How do I take care of succulents?  I have this random succulent and don’t know how to take care of it!

Media –

Because succulents have adapted to arid environments, they have shallow, poor root systems that generally don’t care what you put them in, as long as their basic requirement is met – that they dry out within a day or two of watering.  Many are native to rocky or sandy deserts, which for millenia, have been the result of drying sea beds.  That gives them the bonus ability of generally being salt/pH-tolerant, which, for you, makes life easy.

I’ve planted mine in usually half sand, half regular potting mix.  However, I’ve gotten away with regular potting mix for about half of my collection.  Again, they do not care much for what they are planted in, as long as they get a flooding for about a day, and then dry pretty quickly, with protection for the roots.  The only thing I strongly encourage against is doing water culture for your succulents.  That is trying to make a desert plant into an aquatic plant.  That’s just sinful and cruel to your plants… DON’T DO IT.

Light –

Succulents are generally full-sun plants, both indoors and outdoors.  That means blast them with as many direct sunbeams as possible.  If your succulent lives in full-shade, it may survive, but it will NOT thrive.  This one is easy – plop them in your SUNNIEST window and BLAST them with as much direct sun as possible.

Water –

When watering, flood the media to get it sopping wet.  Then, let it dry as fast as possible.  The faster it dries, the better.  When your succulents get wrinkly, that’s a good indication to water.  If you are trying to get your succulents to flower, then you need to keep them plump and water more often.  Remember, you may water AS SOON AS the media becomes bone-dry, and AS LATE AS when the wrinkles start to appear.

Other Notes –

If you have a leggy succulent, or a succulent which keeps falling over, or a succulent that keeps leaning, or basically a succulent that CANNOT HOLD ITSELF UP under its own weight, then you are not giving it enough light.  While some succulents may be sprawly/prostrate/shambling in nature, most should be erect.  All succulents should be full of color or chalkiness and should almost never be a pale green.  If succulents get a red/pink/purple blush, then they are at the optimal light levels.  Blushing pink, red, purple, or orange is a sign of optimal health.  Not all succulents will blush, but most will.

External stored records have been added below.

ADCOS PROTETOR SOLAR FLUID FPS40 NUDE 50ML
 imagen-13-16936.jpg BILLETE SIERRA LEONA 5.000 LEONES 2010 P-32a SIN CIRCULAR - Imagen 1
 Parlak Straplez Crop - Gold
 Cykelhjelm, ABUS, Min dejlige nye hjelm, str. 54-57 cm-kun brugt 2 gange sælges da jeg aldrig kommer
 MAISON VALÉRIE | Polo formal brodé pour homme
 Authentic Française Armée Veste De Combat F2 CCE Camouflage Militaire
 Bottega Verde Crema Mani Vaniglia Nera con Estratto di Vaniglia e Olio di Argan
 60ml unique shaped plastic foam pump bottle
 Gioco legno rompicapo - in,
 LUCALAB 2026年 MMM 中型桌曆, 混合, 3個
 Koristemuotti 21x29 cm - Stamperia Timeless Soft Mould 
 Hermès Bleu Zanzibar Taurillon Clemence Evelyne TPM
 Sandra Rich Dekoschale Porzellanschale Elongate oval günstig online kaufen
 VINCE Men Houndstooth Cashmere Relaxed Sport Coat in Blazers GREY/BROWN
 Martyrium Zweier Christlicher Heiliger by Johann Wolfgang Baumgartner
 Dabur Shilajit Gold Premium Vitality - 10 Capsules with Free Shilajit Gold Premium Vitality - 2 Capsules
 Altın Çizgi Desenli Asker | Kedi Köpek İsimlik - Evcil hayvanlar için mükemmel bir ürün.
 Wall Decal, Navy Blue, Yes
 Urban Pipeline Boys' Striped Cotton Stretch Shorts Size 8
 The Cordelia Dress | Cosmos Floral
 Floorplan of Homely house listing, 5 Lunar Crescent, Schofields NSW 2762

Succulents are safe to keep around pets, so long as the pets do not nibble the foliage.  If they do, they will get sick – Many succulents have secondary metabolites which will cause irritation to their inner lining.  Obviously, if the pet hurts itself on the sharper ones, well… that’s the pet’s fault…  Otherwise, succulents are unappealing in general to cats (they are not floofy or tassel-y), and totally boring to dogs.  If your pets are nibbling your plants, they means that THEY ARE BORED, and YOU are not doing enough to stimulate them.  Entertain your pet/change YOUR behavior, and they will leave your plants alone.

How can I identify the succulent that I have?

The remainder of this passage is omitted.